** What to work on **
Both the line below containing "Used 2012 Velocity" and the line containing "Τεύχος Justice League 47 MAR200549", along with every line between them, should be repeated exactly; no other line belongs in the answer.

[Items from a dataset]
╭──
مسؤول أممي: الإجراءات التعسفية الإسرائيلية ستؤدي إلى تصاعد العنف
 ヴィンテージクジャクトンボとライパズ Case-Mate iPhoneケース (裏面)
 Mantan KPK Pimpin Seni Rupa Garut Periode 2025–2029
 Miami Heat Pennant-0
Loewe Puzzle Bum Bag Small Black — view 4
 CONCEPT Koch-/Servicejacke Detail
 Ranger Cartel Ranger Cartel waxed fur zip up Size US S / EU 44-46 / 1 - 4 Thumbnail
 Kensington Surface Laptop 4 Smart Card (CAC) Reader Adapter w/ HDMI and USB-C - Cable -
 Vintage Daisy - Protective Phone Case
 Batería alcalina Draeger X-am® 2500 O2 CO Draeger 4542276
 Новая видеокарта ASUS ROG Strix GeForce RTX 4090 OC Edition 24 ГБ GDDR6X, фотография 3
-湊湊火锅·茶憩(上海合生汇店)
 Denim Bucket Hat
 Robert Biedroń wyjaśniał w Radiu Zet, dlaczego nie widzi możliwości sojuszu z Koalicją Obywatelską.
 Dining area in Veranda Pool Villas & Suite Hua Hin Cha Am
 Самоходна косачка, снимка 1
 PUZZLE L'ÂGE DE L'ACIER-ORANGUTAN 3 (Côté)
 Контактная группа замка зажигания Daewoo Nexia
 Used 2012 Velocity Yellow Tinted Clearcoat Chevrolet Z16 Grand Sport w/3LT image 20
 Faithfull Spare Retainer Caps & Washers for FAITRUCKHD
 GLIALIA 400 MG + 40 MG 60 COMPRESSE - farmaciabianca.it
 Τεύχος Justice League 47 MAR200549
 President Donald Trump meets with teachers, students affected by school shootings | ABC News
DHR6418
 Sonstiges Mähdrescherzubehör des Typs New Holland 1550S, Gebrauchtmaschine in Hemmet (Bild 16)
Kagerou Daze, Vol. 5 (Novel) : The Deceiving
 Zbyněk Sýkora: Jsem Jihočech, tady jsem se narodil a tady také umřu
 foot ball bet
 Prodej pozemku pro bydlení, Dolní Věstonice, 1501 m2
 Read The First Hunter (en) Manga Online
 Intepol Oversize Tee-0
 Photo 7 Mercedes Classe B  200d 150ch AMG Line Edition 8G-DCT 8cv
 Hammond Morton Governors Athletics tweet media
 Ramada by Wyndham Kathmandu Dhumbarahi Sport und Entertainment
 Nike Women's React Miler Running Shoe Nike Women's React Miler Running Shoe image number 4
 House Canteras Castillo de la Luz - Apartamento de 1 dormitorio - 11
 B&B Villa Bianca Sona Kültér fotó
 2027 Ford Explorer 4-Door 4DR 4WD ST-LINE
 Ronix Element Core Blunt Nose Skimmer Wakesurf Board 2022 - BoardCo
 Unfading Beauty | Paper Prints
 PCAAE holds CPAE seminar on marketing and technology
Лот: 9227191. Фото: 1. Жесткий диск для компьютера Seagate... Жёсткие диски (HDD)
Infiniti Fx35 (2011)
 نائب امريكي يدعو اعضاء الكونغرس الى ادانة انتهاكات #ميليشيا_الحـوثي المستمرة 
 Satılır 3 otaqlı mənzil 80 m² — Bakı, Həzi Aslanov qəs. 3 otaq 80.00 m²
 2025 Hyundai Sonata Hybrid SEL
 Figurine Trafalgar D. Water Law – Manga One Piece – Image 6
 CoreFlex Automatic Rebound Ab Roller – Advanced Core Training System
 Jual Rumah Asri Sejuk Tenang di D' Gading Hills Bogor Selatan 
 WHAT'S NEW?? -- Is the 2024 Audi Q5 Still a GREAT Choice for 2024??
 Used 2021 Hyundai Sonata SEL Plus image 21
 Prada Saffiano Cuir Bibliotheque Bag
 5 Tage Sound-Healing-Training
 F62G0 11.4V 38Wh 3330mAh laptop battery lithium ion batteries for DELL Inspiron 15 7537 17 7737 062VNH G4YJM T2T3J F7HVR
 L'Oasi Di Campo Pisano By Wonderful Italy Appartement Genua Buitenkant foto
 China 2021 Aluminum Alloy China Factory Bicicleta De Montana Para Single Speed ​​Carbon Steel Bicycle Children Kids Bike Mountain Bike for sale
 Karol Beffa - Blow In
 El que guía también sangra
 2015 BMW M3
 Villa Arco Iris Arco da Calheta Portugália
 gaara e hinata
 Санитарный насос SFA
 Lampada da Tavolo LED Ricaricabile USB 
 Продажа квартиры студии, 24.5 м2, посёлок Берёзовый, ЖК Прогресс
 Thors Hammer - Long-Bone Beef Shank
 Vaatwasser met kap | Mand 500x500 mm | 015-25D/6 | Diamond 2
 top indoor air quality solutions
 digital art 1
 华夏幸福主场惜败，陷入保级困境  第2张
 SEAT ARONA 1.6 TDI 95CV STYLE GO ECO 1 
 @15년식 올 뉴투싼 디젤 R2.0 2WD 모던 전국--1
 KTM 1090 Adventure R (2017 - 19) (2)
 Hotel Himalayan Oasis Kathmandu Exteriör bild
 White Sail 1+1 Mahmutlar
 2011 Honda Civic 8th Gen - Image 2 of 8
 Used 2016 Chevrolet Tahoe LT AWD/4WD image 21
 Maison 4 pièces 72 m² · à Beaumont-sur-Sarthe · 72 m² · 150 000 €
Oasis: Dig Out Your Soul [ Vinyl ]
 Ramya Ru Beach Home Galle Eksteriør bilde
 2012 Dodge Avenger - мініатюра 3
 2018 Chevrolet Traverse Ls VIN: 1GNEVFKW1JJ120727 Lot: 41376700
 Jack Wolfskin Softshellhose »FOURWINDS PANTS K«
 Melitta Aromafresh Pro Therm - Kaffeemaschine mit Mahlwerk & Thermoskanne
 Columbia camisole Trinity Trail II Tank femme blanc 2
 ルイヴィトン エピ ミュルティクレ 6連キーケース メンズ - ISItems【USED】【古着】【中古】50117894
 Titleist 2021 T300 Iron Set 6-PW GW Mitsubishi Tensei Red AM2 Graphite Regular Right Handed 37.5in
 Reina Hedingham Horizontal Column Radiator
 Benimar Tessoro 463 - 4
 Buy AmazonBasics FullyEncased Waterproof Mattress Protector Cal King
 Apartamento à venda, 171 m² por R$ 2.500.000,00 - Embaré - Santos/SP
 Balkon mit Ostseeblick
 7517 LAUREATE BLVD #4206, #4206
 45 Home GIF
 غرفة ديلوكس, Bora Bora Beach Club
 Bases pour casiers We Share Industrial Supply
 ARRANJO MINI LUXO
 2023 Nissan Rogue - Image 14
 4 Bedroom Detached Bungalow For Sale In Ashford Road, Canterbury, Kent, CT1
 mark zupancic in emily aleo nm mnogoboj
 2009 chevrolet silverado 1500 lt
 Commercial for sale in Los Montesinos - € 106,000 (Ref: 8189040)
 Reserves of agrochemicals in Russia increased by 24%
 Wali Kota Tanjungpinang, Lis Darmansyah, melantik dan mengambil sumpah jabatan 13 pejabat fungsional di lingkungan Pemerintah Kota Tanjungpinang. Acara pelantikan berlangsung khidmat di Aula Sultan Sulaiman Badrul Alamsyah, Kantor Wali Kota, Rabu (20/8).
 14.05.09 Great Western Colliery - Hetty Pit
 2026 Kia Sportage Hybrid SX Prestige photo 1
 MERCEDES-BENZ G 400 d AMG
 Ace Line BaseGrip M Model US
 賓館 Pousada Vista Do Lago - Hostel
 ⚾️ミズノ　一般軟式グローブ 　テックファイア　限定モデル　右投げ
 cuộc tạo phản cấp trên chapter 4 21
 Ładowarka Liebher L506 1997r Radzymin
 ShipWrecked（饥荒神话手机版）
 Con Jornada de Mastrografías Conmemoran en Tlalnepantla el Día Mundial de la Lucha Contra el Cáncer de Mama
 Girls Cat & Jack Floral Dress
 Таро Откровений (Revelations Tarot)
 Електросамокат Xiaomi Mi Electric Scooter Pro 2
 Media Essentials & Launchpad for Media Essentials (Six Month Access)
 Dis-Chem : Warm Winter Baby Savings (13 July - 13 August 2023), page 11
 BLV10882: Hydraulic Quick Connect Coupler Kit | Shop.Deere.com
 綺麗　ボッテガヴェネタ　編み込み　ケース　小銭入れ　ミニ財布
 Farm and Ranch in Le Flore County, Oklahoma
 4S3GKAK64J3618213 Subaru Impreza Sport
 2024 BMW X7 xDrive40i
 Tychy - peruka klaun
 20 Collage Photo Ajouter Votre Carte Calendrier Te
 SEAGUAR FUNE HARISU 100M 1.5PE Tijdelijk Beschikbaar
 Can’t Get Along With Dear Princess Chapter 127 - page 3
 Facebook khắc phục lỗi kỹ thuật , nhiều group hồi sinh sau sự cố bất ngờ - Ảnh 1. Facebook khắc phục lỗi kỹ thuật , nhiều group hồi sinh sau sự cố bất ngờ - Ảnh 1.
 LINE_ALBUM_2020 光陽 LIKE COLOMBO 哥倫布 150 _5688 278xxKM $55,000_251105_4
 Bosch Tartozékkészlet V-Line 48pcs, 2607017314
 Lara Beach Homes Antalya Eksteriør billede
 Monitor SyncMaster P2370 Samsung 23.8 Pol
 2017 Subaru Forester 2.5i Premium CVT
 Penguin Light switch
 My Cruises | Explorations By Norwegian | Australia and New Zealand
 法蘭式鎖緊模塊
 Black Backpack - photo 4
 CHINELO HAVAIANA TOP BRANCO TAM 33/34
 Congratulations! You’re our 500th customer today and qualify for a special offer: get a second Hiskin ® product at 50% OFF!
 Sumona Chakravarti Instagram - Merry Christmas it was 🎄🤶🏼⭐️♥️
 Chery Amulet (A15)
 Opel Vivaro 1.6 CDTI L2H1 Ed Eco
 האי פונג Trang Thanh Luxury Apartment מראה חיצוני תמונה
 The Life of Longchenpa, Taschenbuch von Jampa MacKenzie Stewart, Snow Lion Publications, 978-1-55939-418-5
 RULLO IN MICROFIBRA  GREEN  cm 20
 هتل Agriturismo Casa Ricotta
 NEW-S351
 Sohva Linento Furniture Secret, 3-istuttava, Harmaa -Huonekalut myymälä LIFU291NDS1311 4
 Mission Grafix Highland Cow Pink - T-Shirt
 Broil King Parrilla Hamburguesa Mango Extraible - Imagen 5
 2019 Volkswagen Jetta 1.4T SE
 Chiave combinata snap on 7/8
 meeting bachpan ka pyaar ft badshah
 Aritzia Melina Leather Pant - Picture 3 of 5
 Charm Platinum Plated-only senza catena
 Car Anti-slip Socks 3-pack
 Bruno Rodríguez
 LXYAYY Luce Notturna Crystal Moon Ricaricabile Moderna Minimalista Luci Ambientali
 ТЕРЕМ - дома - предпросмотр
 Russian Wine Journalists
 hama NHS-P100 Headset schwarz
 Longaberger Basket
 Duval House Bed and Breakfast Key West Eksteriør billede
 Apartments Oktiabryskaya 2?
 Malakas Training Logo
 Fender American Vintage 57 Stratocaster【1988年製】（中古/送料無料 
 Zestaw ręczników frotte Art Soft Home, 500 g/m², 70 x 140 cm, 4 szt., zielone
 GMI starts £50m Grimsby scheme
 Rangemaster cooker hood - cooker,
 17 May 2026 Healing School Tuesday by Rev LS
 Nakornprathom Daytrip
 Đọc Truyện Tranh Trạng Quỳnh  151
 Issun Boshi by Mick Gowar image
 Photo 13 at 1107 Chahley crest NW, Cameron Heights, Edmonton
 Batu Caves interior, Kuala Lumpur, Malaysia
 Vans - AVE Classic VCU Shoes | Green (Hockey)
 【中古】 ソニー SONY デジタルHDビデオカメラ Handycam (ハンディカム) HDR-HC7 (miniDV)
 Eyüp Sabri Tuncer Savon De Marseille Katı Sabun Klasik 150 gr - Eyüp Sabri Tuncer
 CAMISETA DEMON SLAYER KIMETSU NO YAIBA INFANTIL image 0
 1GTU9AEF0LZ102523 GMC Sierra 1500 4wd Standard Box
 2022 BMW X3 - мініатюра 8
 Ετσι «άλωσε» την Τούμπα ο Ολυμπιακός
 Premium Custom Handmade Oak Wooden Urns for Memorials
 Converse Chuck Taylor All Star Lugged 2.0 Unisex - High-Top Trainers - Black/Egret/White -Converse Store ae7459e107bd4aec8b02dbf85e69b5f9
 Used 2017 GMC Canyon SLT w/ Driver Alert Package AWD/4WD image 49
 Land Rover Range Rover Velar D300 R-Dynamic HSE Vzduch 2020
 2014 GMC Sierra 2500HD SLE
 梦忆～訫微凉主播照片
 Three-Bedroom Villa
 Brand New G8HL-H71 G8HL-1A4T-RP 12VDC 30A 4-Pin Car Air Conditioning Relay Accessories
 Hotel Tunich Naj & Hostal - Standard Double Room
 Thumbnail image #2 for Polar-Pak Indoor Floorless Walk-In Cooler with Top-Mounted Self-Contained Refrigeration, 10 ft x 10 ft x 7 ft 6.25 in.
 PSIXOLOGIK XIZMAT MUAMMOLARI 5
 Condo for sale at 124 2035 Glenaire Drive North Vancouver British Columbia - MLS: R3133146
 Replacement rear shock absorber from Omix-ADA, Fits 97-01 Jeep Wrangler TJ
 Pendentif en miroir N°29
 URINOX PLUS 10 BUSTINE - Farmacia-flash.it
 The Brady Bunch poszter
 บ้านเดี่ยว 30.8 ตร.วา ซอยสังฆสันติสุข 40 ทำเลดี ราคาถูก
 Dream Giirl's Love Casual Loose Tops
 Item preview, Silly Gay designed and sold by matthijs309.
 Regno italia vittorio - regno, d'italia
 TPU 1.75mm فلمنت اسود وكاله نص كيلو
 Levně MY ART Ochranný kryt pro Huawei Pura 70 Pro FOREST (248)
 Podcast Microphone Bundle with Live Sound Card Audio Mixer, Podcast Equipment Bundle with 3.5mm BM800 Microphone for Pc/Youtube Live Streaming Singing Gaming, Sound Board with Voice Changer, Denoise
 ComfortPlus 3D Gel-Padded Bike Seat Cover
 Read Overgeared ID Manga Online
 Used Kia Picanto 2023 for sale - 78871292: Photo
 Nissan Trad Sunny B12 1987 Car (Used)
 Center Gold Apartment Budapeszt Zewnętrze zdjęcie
╰──
** Response box **
 Used 2012 Velocity Yellow Tinted Clearcoat Chevrolet Z16 Grand Sport w/3LT image 20
 Faithfull Spare Retainer Caps & Washers for FAITRUCKHD
 GLIALIA 400 MG + 40 MG 60 COMPRESSE - farmaciabianca.it
 Τεύχος Justice League 47 MAR200549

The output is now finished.